My family never left San Diego, so I was always visiting and escaping to Valle to check out what was going on. It turned out that a lot of things were going on. So, I decided to make a strategic decision with my life and moved back to San Diego in 2010. At that time I had no idea about what to do next, but while I was figuring out, was in Valle [all the time]. Then I thought: “Wouldn’t be cool to invent a job so I can enjoy this lifestyle?” And the rest is history.
5. What would you want people to know about the wines if they haven’t tried them yet?
I would like people to give them a chance. I would like people to try them with open palate, mind and heart. I would like people to know the stories behind the wines, the land, the plants and the people. I would like people not to judge them because they are different, but appreciate them because of that same reason. Valle de Guadalupe wines are not like Napa, Bordeaux, Tuscany, Mendoza or any other region in the world. Wines from Valle de Guadalupe have their own identity, personality and character, and I am very proud of what we are doing there.6. What upcoming events are you a part of?
I host a Weekly Wine Wednesday (WWW) event called Planet Wine Series. They take place at our own tasting room called Planet Wine located at the historical Bankers Hill neighborhood (3334 5th Ave. San Diego, CA 92103).
It is a speakeasy-like old cottage in the back of our headquarters. We feature Valle de Guadalupe wines with winemakers/owners [visiting]. Each Wednesday is different, we can feature the entire portfolio of one winery, the best wines from Valle de Guadalupe, vertical and horizontal tastings, blind tastings, taste-offs (For example: Baja Vs. Napa in a blind tasting format), etc. These are super cool! Since we have a license, we can sell bottles of wine to go or to open and consume in the property. WWW happens every Wednesday between 5 – 7 p.m. and RSVP is [required] to my email: firstname.lastname@example.org (limited to 25 people only to keep them intimate).
We also provide food, sometimes with a guest chef cooking in the barrel smoker…say what? (I will explain more about the barrel smoker shortly). Wine tastings at Planet Wine are also available by-appointment-only (not open to the public with hours of operation). No phone, just via email. I personally conduct the wine tastings and I can taste guests in as many wines as they want since I use a Coravin to pour tastings without opening the bottle. The whole library and portfolio are available to taste for potential buyers (if you buy, you do not pay for the tastings). Lastly, groups can rent Planet Wine for private events and we can facilitate the sommelier, chef and service staff.
[Another event,] “Barrel Smoker Dinners” are cross-border culinary experiences I created to bring the best talent from both sides of the border: winemakers, chefs, artisans, producers, etc.

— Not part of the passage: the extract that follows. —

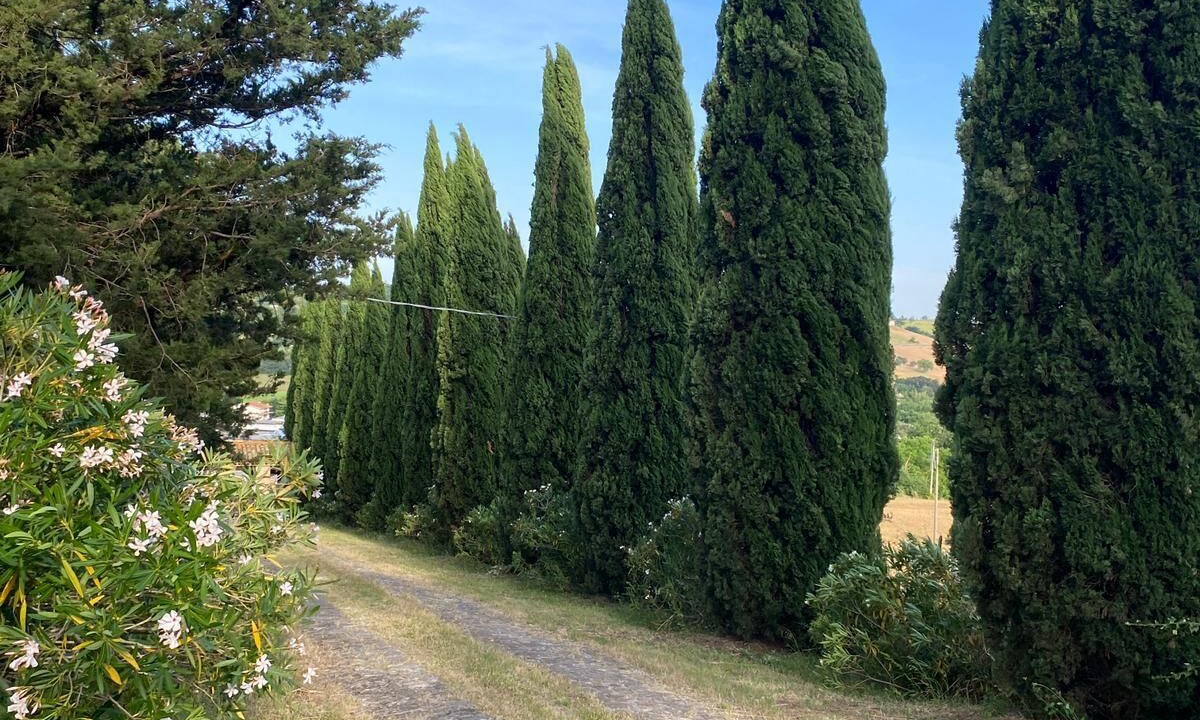 Photo of Others in Ostra Vetere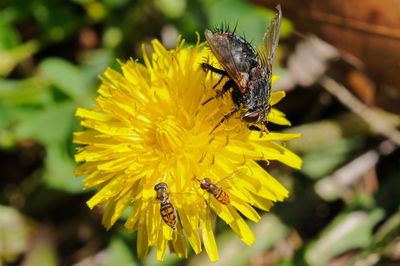 Close-up of bee on yellow flower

The dinners feature the iQ Oak Barrel Smoker, a revolutionary smoking device designed by Gustaf Anders Rooth, my partner and co-host. This device burns chips of oak barrel staves and smokes whatever you put inside with flavors and aromas of oak wood that has been used to age wine, bourbon or beer. It is INSANE! All featured chefs use the barrel smoker as the main cooking device to create their dishes and I pair the food based on the dish and what the barrel was used for. The Barrel Smoker Dinner [usually happens on the third Thursday of the month] from 6 – 9 p. m. at Planet Rooth Design Haus/Baja Wine + Food offices [at the same location in Bankers Hill].
We have featured chefs such as Javier Plascencia, Miguel Angel Guerrero, Drew Deckman, Andrew Spurgin, Chad White, Flor Franco, Ricardo Heredia, Ryan Steyn, John Medall, and many others.
Big thank you to Fernando Gaxiola for providing this amazing overview of Baja wines and related events in San Diego. If you haven’t experienced these wine please take advantage of the aforementioned opportunities. Salud!